Herbal medicines including ginger and echinacea, for example, are considered safe during pregnancy, but shouldn’t be used in place of medication to reduce fever if you do have COVID-19 (or the flu) and shouldn’t take the place of medical care if needed. Teas such as chamomile, lemon balm, and ginger can help with aches and pains, as well as some digestive symptoms. For more information on herbs in pregnancy see my article here; just keep in mind there are no studies on herbs for COVID-19, and there are no proven traditional therapies as this is a brand-new virus.
What Should I Do If I Think I’m Infected?
First, don’t panic. Remember, yours and baby’s risks, based on all we know right now, are still low. If you have mild or moderate symptoms of COVID-19, call your primary pregnancy care provider (Midwife, OB-GYN, Family Physician) and let them know.

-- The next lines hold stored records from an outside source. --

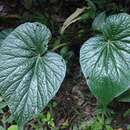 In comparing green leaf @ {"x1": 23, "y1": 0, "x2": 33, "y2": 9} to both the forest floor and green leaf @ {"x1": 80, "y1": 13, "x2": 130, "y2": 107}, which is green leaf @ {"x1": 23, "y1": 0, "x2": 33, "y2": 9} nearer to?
the forest floor

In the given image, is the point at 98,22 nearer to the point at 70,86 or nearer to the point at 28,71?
the point at 70,86

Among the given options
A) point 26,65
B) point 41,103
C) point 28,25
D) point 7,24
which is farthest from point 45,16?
point 41,103

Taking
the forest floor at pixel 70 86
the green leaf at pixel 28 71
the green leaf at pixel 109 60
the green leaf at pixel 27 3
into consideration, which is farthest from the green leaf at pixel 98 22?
the green leaf at pixel 27 3

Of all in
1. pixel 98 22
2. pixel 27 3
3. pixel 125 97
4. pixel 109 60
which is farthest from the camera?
pixel 27 3

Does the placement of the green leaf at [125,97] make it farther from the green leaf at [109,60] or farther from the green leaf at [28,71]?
the green leaf at [28,71]

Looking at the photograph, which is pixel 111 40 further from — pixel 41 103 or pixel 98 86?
pixel 41 103

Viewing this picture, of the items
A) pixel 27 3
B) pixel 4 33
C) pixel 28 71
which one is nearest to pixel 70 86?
pixel 28 71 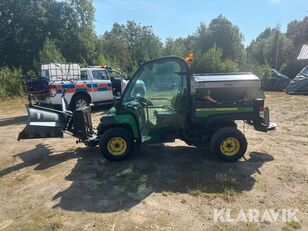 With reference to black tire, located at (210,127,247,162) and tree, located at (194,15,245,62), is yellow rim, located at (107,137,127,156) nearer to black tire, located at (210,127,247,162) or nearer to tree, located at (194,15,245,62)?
black tire, located at (210,127,247,162)

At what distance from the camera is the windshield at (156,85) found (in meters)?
6.21

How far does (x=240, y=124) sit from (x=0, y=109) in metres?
12.0

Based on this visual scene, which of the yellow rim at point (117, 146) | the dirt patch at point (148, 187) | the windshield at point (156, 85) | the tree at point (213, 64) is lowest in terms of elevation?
the dirt patch at point (148, 187)

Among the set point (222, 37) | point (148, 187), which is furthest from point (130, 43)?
point (148, 187)

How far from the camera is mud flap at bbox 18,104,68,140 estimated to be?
21.7 feet

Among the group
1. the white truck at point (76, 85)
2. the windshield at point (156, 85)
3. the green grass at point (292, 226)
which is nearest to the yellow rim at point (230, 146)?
the windshield at point (156, 85)

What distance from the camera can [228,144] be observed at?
6176mm

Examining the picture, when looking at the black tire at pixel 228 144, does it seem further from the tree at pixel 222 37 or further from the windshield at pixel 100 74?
the tree at pixel 222 37

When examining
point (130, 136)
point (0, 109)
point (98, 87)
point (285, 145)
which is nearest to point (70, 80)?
point (98, 87)

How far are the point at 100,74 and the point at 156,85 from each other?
23.6 ft

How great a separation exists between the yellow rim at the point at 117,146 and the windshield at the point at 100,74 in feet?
23.1

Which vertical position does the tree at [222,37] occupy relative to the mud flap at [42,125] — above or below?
above

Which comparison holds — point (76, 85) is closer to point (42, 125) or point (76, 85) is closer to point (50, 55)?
point (42, 125)

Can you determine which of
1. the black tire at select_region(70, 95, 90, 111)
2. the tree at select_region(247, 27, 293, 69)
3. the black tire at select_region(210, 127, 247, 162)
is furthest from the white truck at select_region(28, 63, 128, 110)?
the tree at select_region(247, 27, 293, 69) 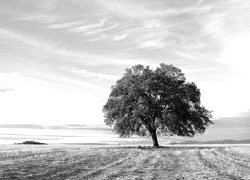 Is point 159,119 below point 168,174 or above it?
above

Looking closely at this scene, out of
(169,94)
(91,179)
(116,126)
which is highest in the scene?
(169,94)

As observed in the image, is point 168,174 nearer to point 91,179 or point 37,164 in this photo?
point 91,179

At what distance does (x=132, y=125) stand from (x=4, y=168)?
47232mm

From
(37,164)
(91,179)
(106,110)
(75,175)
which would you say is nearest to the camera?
(91,179)

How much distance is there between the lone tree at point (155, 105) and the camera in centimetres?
6925

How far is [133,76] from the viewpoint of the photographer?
72.4 meters

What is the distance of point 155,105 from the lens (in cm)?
6988

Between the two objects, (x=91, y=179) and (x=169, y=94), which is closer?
(x=91, y=179)

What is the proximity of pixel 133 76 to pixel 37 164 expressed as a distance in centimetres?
4519

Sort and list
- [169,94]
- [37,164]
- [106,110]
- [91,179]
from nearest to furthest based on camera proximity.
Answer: [91,179]
[37,164]
[169,94]
[106,110]

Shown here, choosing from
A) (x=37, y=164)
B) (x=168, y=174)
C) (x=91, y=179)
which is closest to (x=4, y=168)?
(x=37, y=164)

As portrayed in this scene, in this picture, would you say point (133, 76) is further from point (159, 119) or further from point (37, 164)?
point (37, 164)

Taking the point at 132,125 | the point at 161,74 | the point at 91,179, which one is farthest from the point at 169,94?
the point at 91,179

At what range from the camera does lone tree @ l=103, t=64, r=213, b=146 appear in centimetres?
6925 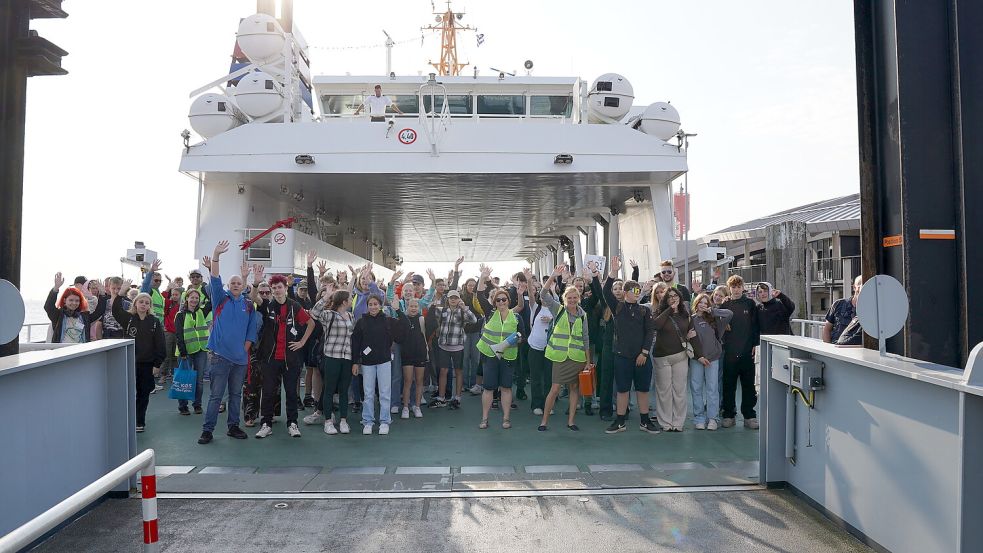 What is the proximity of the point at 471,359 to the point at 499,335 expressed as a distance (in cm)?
230

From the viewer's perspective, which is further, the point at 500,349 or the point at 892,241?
the point at 500,349

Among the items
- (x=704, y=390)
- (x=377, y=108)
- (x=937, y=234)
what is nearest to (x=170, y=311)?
(x=377, y=108)

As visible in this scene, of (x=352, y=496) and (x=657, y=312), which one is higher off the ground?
(x=657, y=312)

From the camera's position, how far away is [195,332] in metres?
8.52

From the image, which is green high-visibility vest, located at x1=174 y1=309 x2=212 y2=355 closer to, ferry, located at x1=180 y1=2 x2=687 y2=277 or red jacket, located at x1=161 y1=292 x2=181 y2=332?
red jacket, located at x1=161 y1=292 x2=181 y2=332

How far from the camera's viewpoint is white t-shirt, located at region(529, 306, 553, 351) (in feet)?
26.0

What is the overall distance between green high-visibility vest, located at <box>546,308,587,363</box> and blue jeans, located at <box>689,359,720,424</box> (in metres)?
1.24

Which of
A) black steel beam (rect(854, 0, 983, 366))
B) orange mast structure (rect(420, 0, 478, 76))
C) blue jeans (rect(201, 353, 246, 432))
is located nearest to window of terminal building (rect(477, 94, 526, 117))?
orange mast structure (rect(420, 0, 478, 76))

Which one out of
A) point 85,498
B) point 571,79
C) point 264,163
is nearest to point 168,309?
point 264,163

Just like you would anytime, stay home, rest, stay well-hydrated, and take all of the steps you’d take if you had a cold or flu.
If you have underlying medical conditions that increase your risk of complications from COVID-19, or any respiratory infection, it’s important to work with a medical doctor skilled in higher-risk prenatal care, ask what you should do to mitigate your personal risks, and inform her or him right away should you feel unwell or have a known or suspected COVID-19 exposure, so you can get instructions on what to do.
Should you need to be seen by a health care provider, call ahead before you go to the clinic, office, or hospital and let them know you’re sick and might have COVID-19 so they can direct you to the right place, while protecting other pregnant women and staff. If you do experience any severe symptoms or complications, seek medical help immediately.